◆ Material supplied:
········
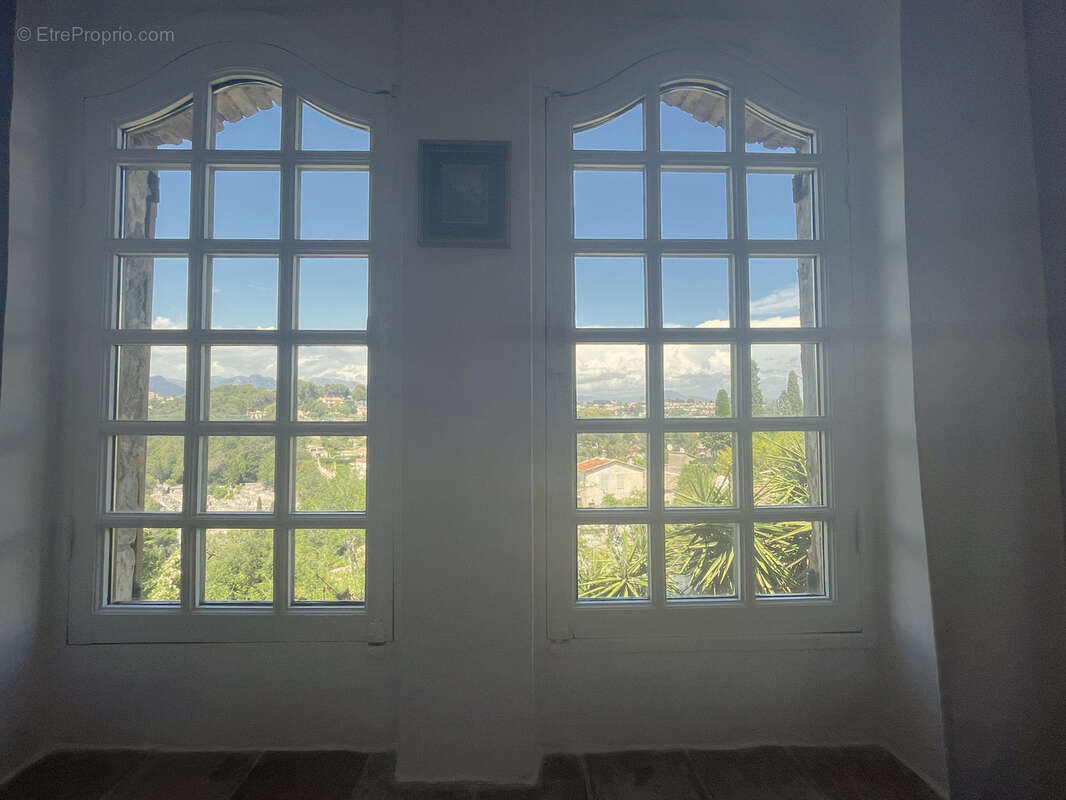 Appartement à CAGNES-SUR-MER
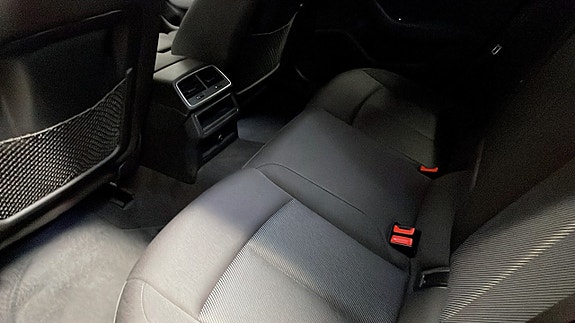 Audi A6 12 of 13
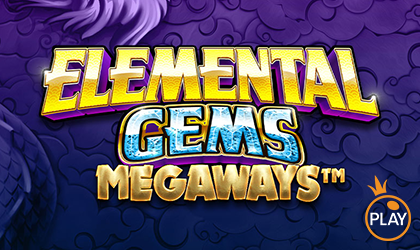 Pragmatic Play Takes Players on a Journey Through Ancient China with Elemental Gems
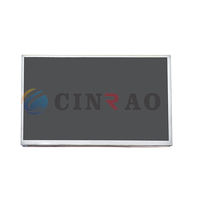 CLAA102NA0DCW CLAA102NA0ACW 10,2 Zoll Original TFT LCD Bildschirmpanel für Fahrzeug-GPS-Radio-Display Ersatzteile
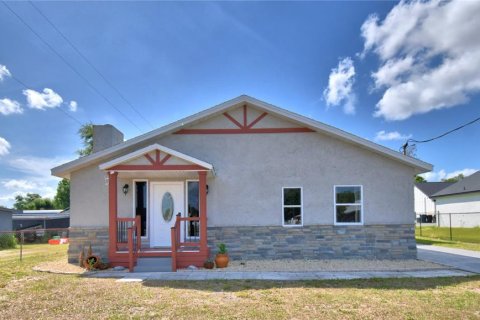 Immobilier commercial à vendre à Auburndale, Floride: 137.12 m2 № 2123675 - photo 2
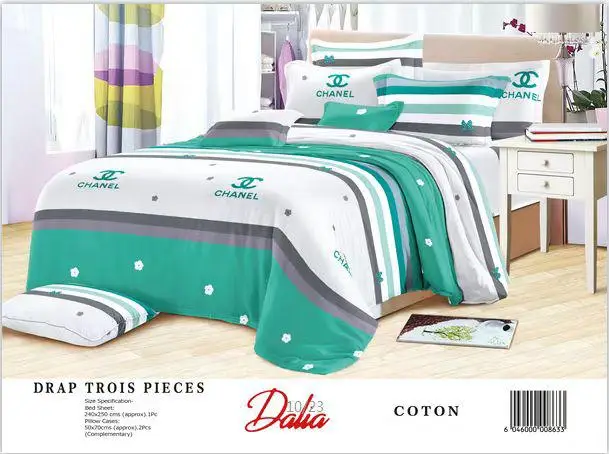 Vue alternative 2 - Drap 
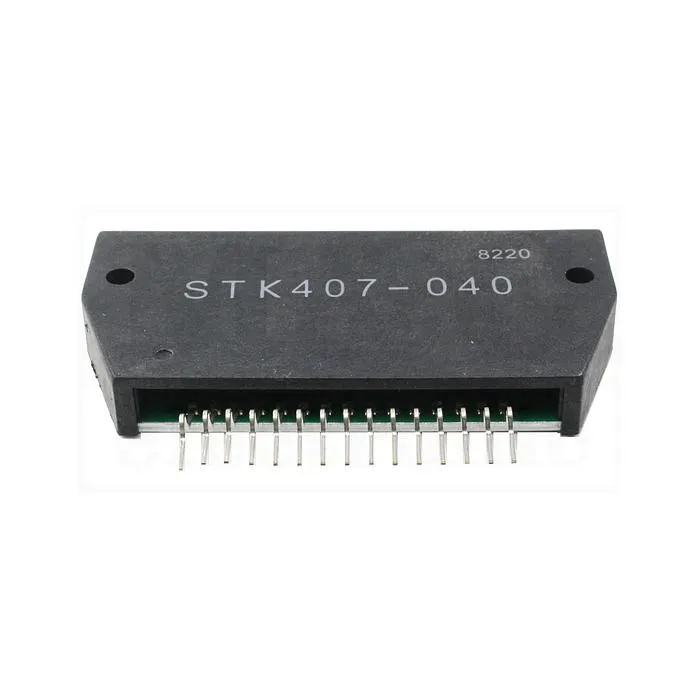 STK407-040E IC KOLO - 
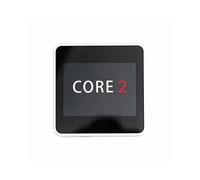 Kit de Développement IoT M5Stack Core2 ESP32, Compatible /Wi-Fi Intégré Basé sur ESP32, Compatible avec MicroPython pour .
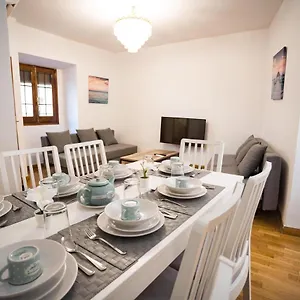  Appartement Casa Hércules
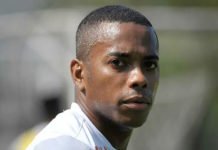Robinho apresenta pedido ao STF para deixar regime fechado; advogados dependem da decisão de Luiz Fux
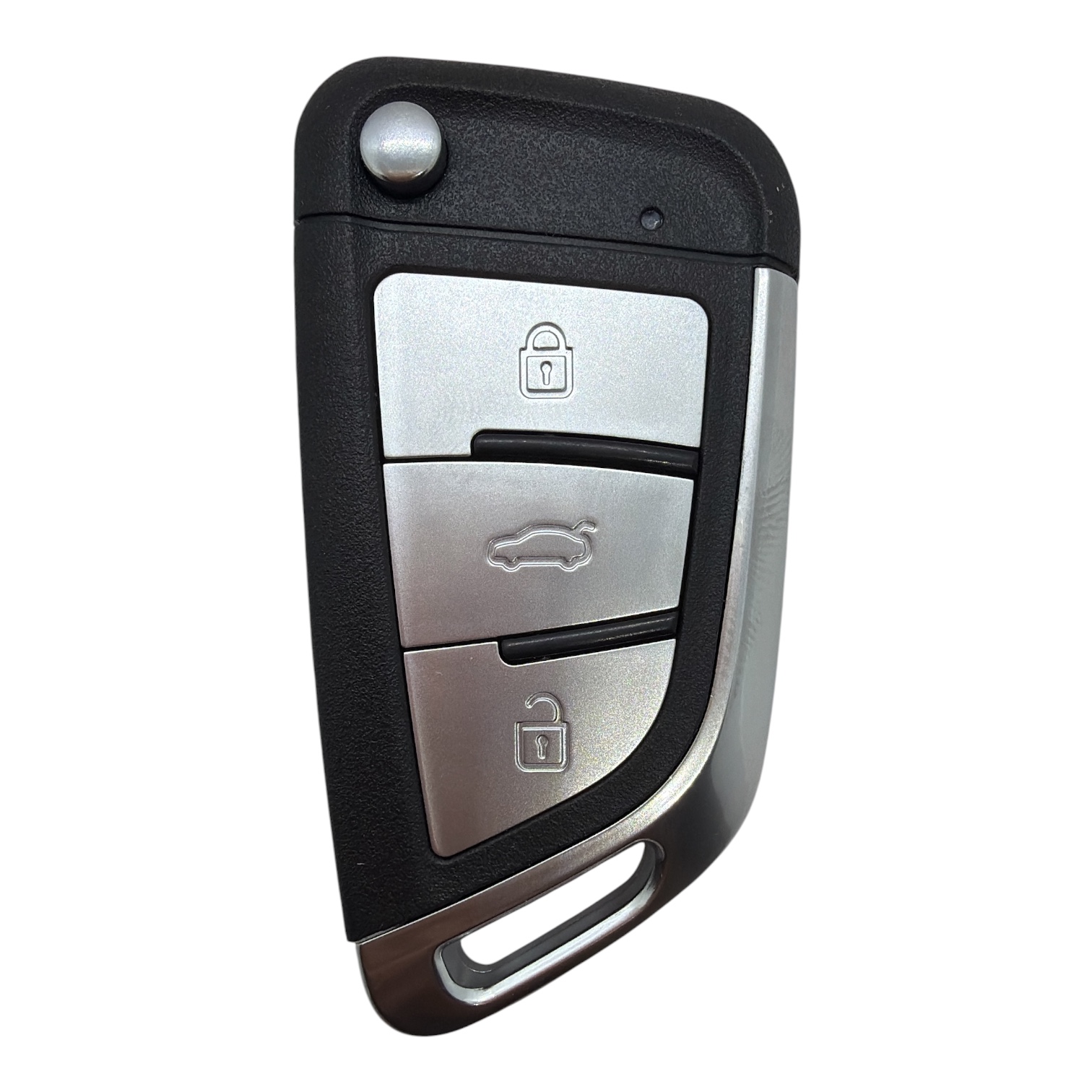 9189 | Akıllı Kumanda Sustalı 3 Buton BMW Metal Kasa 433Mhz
········
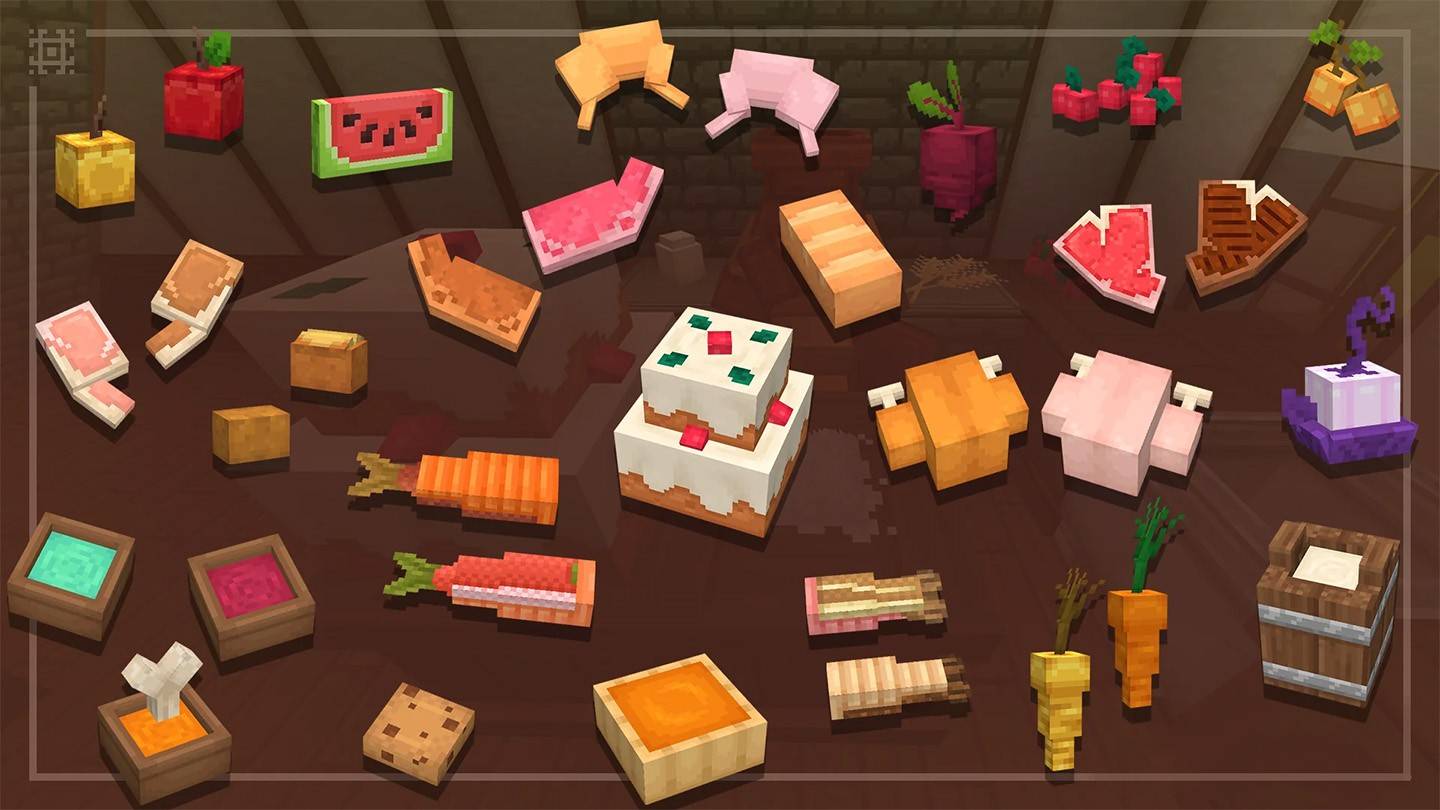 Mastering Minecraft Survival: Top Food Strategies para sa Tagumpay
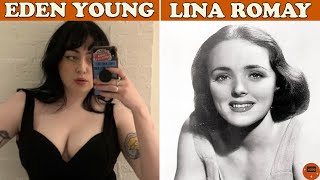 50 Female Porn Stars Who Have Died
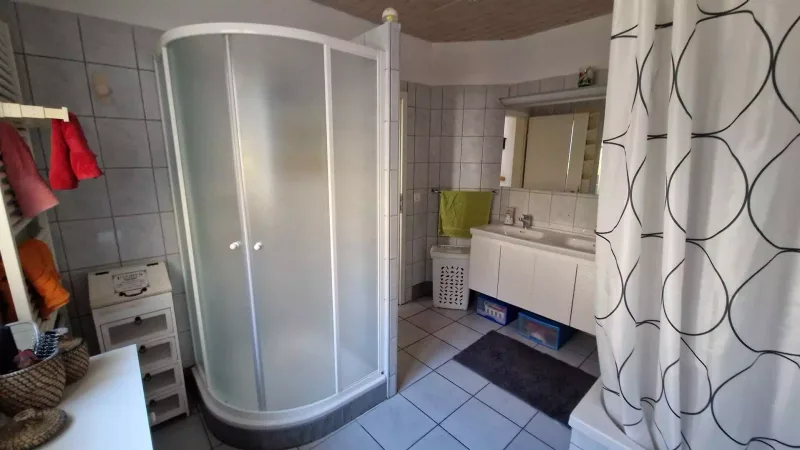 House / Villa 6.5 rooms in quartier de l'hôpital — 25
········
◆ Activity: Excluding any pictures, print exactly the lines of the listing above from the line with "Appartement à CAGNES-SUR-MER" to the line with "CLAA102NA0DCW CLAA102NA0ACW 10,2", both ends included.

◆ Written response:
 Appartement à CAGNES-SUR-MER
 Audi A6 12 of 13
 Pragmatic Play Takes Players on a Journey Through Ancient China with Elemental Gems
 CLAA102NA0DCW CLAA102NA0ACW 10,2 Zoll Original TFT LCD Bildschirmpanel für Fahrzeug-GPS-Radio-Display Ersatzteile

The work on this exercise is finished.